WHAT YOU HAVE TO DO: Copy out exactly the lines from the start of the data to the line containing "What you would". Include both.

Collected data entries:
◇ ◇ ◇ ◇ ◇

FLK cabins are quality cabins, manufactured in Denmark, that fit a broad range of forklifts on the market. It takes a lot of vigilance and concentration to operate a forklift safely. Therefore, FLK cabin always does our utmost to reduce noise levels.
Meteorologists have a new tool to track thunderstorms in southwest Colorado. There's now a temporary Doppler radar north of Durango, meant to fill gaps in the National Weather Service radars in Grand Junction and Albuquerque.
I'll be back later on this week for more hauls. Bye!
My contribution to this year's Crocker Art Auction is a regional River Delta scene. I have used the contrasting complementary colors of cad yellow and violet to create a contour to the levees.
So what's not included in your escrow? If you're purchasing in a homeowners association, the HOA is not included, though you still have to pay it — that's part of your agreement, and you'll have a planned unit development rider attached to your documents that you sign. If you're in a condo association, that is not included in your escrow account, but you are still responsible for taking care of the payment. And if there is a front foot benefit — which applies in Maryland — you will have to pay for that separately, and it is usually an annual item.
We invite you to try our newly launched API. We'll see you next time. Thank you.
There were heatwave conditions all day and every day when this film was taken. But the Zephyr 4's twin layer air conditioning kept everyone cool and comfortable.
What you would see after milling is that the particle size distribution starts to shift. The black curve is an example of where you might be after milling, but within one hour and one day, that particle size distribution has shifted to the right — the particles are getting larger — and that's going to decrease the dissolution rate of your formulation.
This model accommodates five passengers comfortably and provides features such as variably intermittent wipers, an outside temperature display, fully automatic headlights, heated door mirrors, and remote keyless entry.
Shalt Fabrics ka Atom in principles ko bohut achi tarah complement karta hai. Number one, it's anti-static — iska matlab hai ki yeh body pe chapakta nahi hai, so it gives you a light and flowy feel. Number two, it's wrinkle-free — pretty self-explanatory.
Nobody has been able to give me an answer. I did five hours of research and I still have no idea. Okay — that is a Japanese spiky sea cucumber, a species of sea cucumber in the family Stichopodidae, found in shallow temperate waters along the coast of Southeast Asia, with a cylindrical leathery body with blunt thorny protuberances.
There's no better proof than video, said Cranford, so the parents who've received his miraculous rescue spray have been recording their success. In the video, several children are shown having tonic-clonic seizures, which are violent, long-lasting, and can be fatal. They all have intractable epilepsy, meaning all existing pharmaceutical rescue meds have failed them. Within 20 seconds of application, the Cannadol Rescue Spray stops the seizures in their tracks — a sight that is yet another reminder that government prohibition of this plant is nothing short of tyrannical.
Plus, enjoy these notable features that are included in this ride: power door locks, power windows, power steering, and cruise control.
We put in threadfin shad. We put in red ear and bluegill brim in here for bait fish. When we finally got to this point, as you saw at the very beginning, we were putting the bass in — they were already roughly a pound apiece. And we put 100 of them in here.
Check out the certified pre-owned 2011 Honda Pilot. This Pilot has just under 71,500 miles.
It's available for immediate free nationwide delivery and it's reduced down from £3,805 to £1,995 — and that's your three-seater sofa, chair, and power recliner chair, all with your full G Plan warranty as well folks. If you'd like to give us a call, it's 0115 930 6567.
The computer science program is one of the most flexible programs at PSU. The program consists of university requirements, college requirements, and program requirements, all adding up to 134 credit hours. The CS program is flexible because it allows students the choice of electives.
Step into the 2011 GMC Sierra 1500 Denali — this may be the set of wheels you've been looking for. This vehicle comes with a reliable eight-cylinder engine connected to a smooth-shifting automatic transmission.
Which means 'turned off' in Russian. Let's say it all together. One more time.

◇ ◇ ◇ ◇ ◇

TASK RESULT:
FLK cabins are quality cabins, manufactured in Denmark, that fit a broad range of forklifts on the market. It takes a lot of vigilance and concentration to operate a forklift safely. Therefore, FLK cabin always does our utmost to reduce noise levels.
Meteorologists have a new tool to track thunderstorms in southwest Colorado. There's now a temporary Doppler radar north of Durango, meant to fill gaps in the National Weather Service radars in Grand Junction and Albuquerque.
I'll be back later on this week for more hauls. Bye!
My contribution to this year's Crocker Art Auction is a regional River Delta scene. I have used the contrasting complementary colors of cad yellow and violet to create a contour to the levees.
So what's not included in your escrow? If you're purchasing in a homeowners association, the HOA is not included, though you still have to pay it — that's part of your agreement, and you'll have a planned unit development rider attached to your documents that you sign. If you're in a condo association, that is not included in your escrow account, but you are still responsible for taking care of the payment. And if there is a front foot benefit — which applies in Maryland — you will have to pay for that separately, and it is usually an annual item.
We invite you to try our newly launched API. We'll see you next time. Thank you.
There were heatwave conditions all day and every day when this film was taken. But the Zephyr 4's twin layer air conditioning kept everyone cool and comfortable.
What you would see after milling is that the particle size distribution starts to shift. The black curve is an example of where you might be after milling, but within one hour and one day, that particle size distribution has shifted to the right — the particles are getting larger — and that's going to decrease the dissolution rate of your formulation.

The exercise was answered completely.